Invocam também os apelantes a violação do disposto no artigo 292º do Código Civil, por entenderem que deveriam prevalecer as cláusulas do contrato de mútuo, nulo por falta de forma, designadamente o que decorre da cláusula 3ª.

Muito embora o opoente/recorrente nunca antes tenha formulado qualquer pretensão no sentido da redução do negócio, só invocando o disposto no artigo 292º do Código Civil no recurso de apelação, o que sempre se poderia entender que se trataria de uma questão nova, cujo conhecimento estaria vedado ao tribunal de recurso, sempre se dirá que o preceituado no aludido normativo não tem qualquer aplicação ao caso em análise.

É certo que a lei consagra abertamente o princípio do favor negotii, privilegiando a manutenção da parte sã do negócio, fazendo apelo à vontade conjectural dos contraentes, no sentido de fazer valer o que eles teriam querido se se tivessem apercebido de que o negócio era parcialmente inválido, não podendo manter-se integralmente.

Mas, não obstante no contrato de mútuo, nulo por falta de forma, se mencionar que o empréstimo seria efectuado pelo prazo de 12 meses, com início em 15 de Abril de 2006, renovando-se por sucessivos períodos de igual prazo, salvo se os executados (ali 2ºs outorgantes) forem interpelados para que a dívida seja paga no termo prazo, com a antecedência de pelo menos seis meses, a verdade é que nunca se poderia concluir da prova produzida que seria essa a vontade das partes.

Com efeito, o que resultou apurado foi que os executados apuseram as respectivas assinaturas no cheque apresentado como título executivo, datado de 30.04.2007, precisamente destinado ao pagamento do aludido empréstimo que teve o seu início em 15.04.2006, logo, a pretensão do recorrente vertida na apelação nunca faria qualquer sentido.

Ademais, dispõe o artigo 292º C. Civil que a nulidade parcial do negócio não determina a sua invalidade total, salvo quando se mostre que este não teria sido concluído sem a parte viciada, o que significa que a redução só não deve operar-se, se e quando, se deva ter por demonstrado que as partes não teriam celebrado o contrato sem a parte inválida.

                 

                        Sucede que, por definição, o instituto da redução do negócio jurídico só opera nos casos de invalidade parcial, pelo que no caso dos autos sempre estaria afastada a possibilidade de redução do contrato de mútuo, cuja nulidade, decorrente de vício de forma, afecta todo o contrato.

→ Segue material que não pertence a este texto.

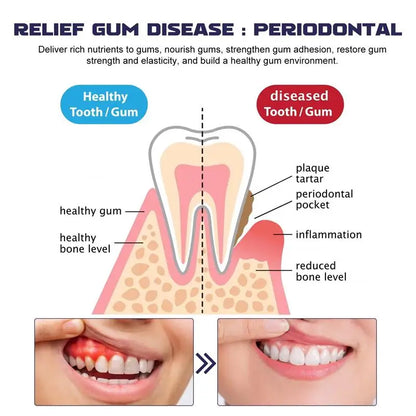 Repair Damaged Gums Gel Serum Rapid Relieve Sore Tooth Allergy Dental Caries Tooth Cleaning Deep Cleaning Teeth Stain Toothpaste
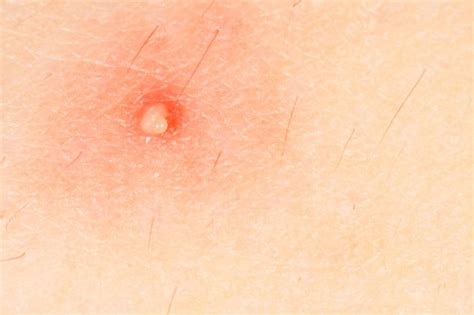 What Is Molluscum Contagiosum Medical News Today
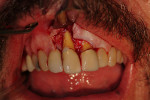 Figure 20  Surgical entry shows loss of buccal plate. Inadequate bone is present for implant placement. In this case, guided bone regeneration and soft-tissue augmentation should be performed.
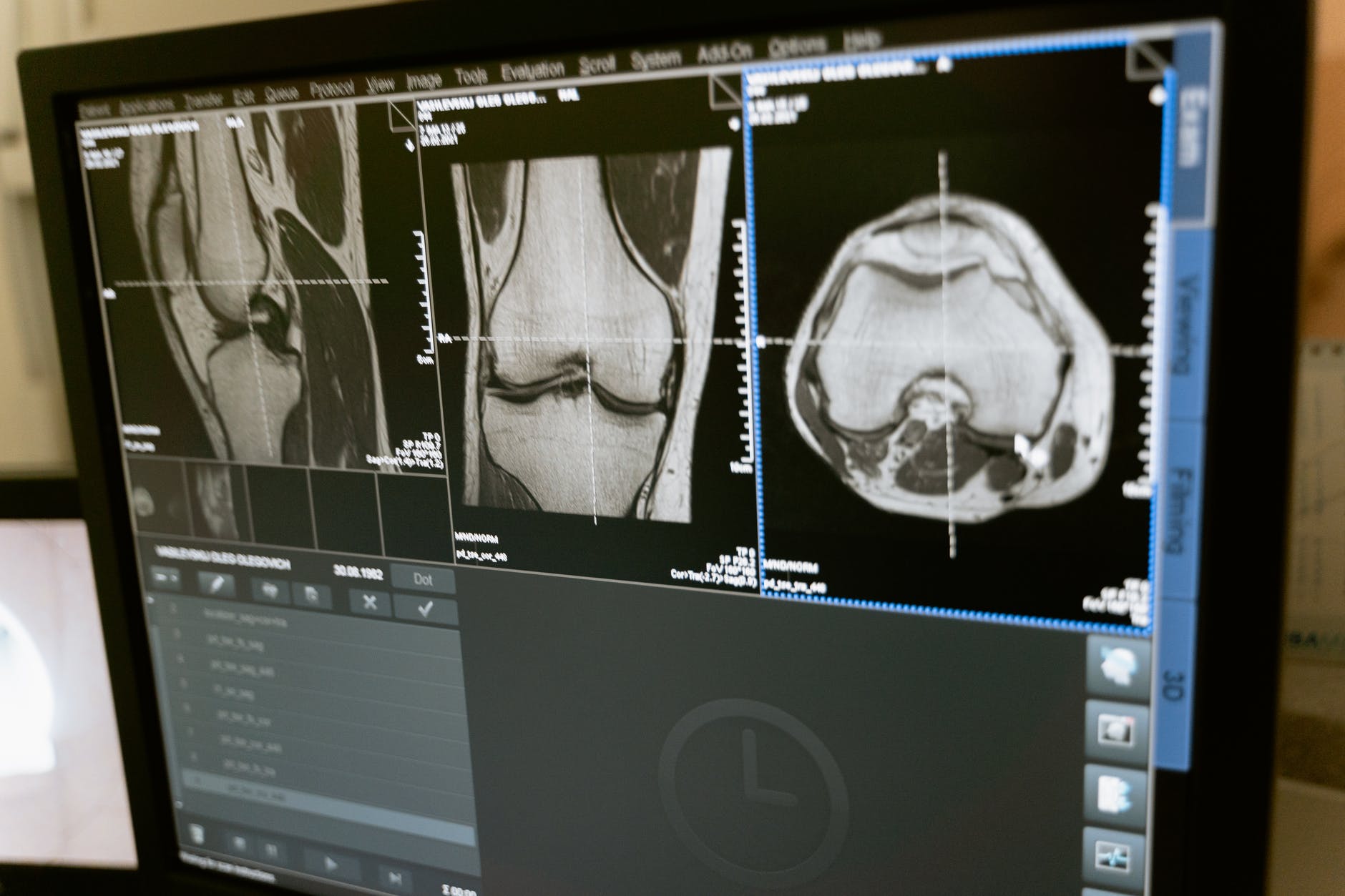 What is a Bone Density Test ?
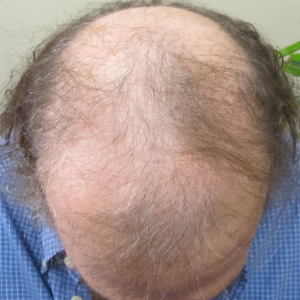 Hair transplant patient 11 - before
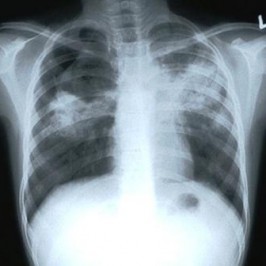 Hari Tuberkolosis Sedunia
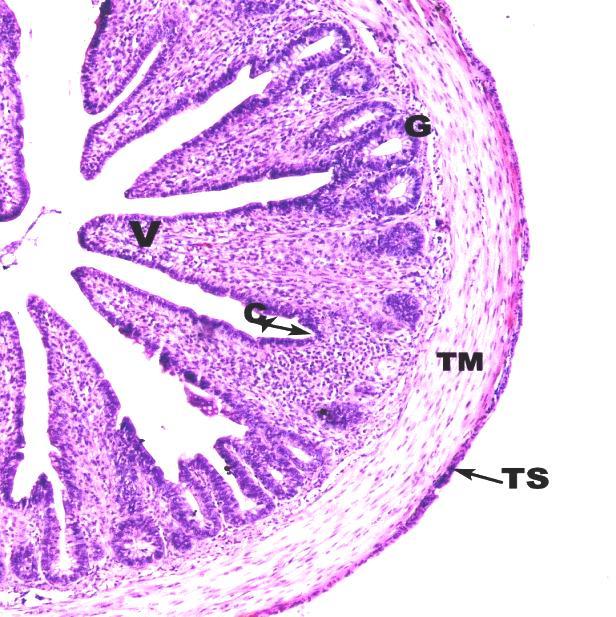 Fig.2 Photomicrograph showing long villi (V), crypts of lieberkuhn (CL), intestinal
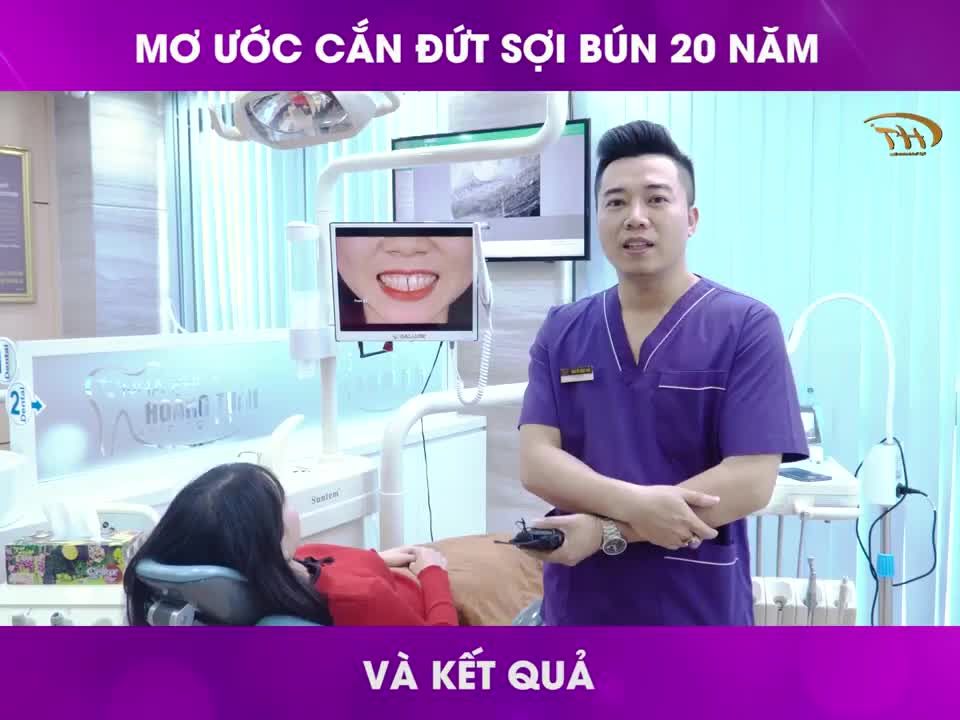 Kết quả Thẩm mỹ 16 răng sứ khách hàng Việt Kiều Đài Loan
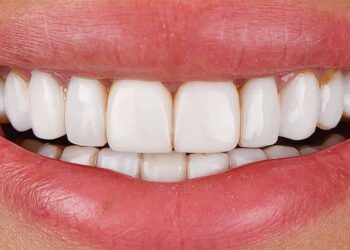 Dental treatment in Turkiye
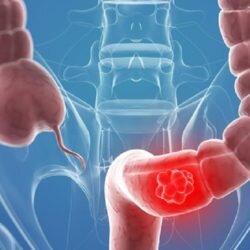 طهران تسحب أرملة سجين منتحر.. من بين ابنيها في المطار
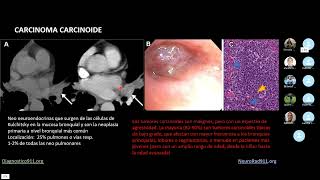 Neoplasias Traqueobronquiales Benignas y Malignas [upl. by Zerelda]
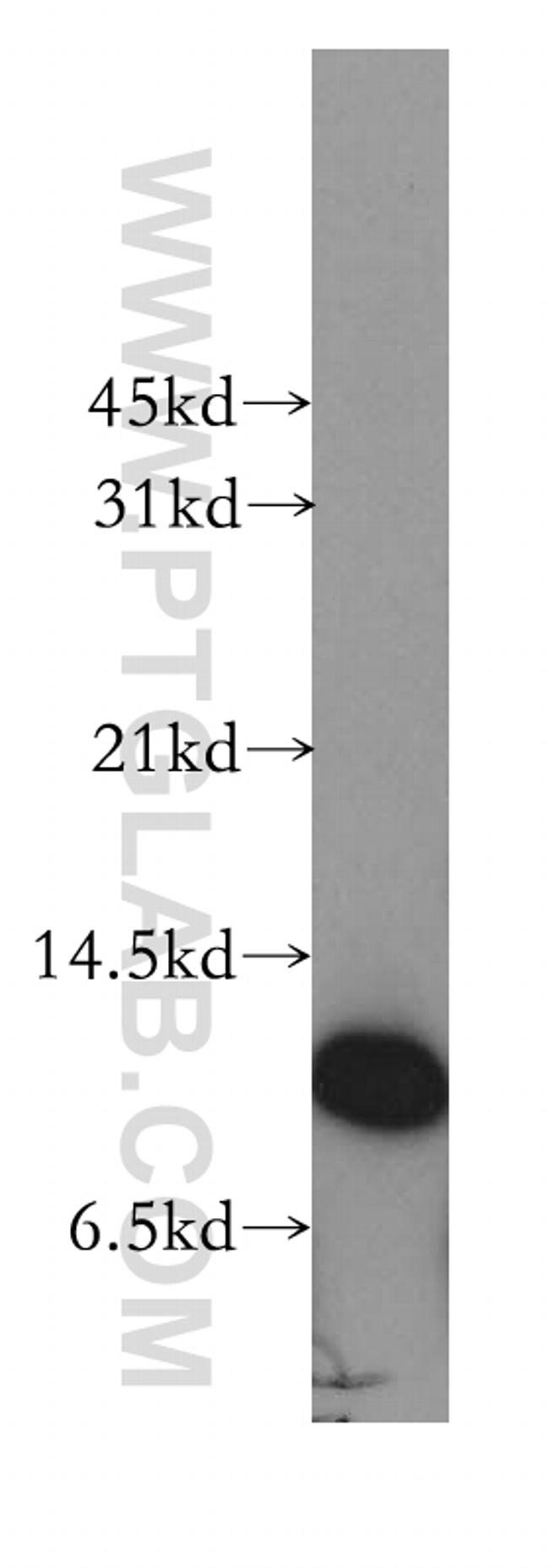 Cystatin B Antibody in Western Blot (WB)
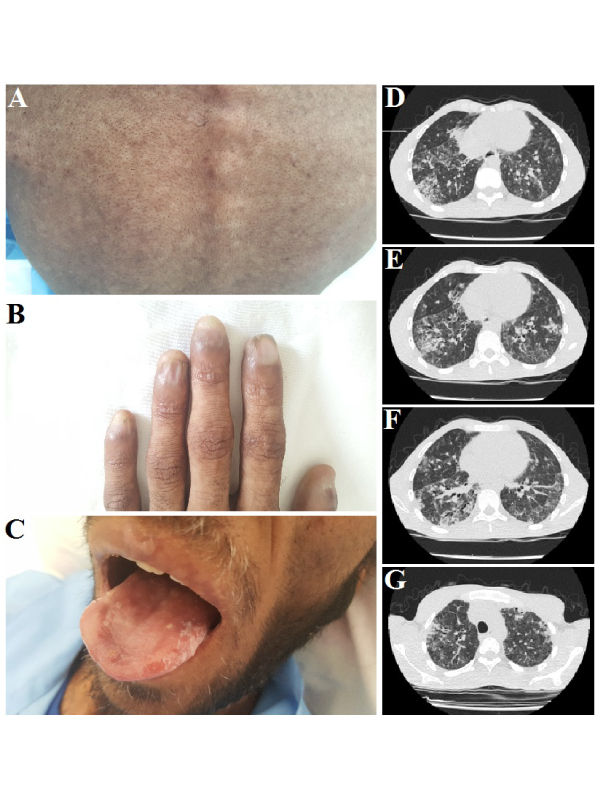 Dyskeratosis Congenita with Pulmonary Fibrosis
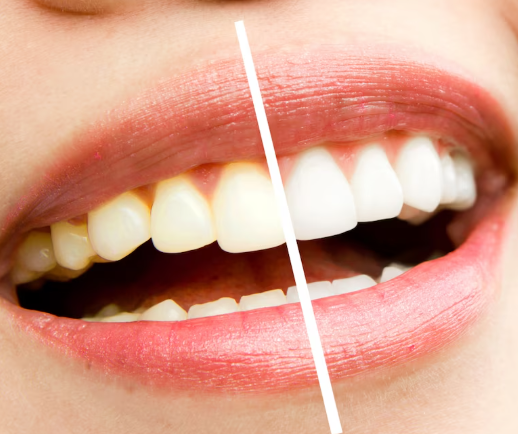 Cosmetic Whitening Polishing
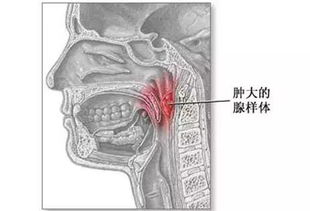 小兒腺樣體肥大的基礎(chǔ)知識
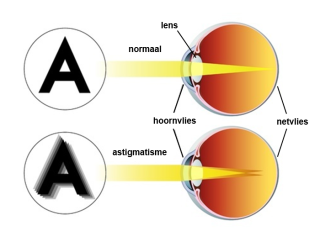 Astigmatisme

Destarte, julga-se totalmente improcedente a apelação, confirmando-se in totum a sentença recorrida.

*

  Vencidos, são os recorrentes responsáveis pelas custas respectivas - artigo 446º, nºs 1 e 2, do Código de Processo Civil (artigo 527º, nºs 1 e 2 do NCPC).

***

IV. DECISÃO

Pelo exposto, acordam os Juízes desta 2ª Secção Cível do Tribunal da Relação de Lisboa em julgar improcedente o recurso, confirmando-se a decisão recorrida e em condenar os recorrentes no pagamento das custas respectivas.

Lisboa, 4 de Dezembro de 2014

Ondina Carmo Alves - Relatora

Eduardo José Oliveira Azevedo

Olindo dos Santos Geraldes  (vencido nos termos da

                                                            declaração junta)

DECLARAÇÃO DE VOTO

Admitindo que o cheque, como mero documento particular, possa constituir título executivo, é, no entanto, exigível que o reconhecimento da obrigação pecuniária conste do cheque.

Não exibindo o cheque mais do que uma mera ordem de pagamento do valor nele inscrito, não pode concluir-se, sem mais, que a assinatura aposta no cheque importe o reconhecimento de obrigação pecuniária.

Faltando o reconhecimento da obrigação pecuniária, deixa o cheque de poder revestir a natureza de título executivo.

Reconhecendo embora uma grande controvérsia na jurisprudência, cita-se, no sentido para o qual se propende, designadamente, os acórdãos do Supremo Tribunal de Justiça de 21 de outubro de 2010 (172/08.6TBGRD-A.S1), 27 de novembro de 2007 (07B3685) e 18 de outubro de 2007 (07B3616), todos acessíveis em www.dzsi.pt., assim como o acórdão do Tribunal da Relação de Lisboa de 27 de fevereiro de 2003 (487/03-6), subscrito pelo próprio como relator.

Assim, surpreendida a falta de título executivo, votei no sentido de ser concedido provimento ao recurso.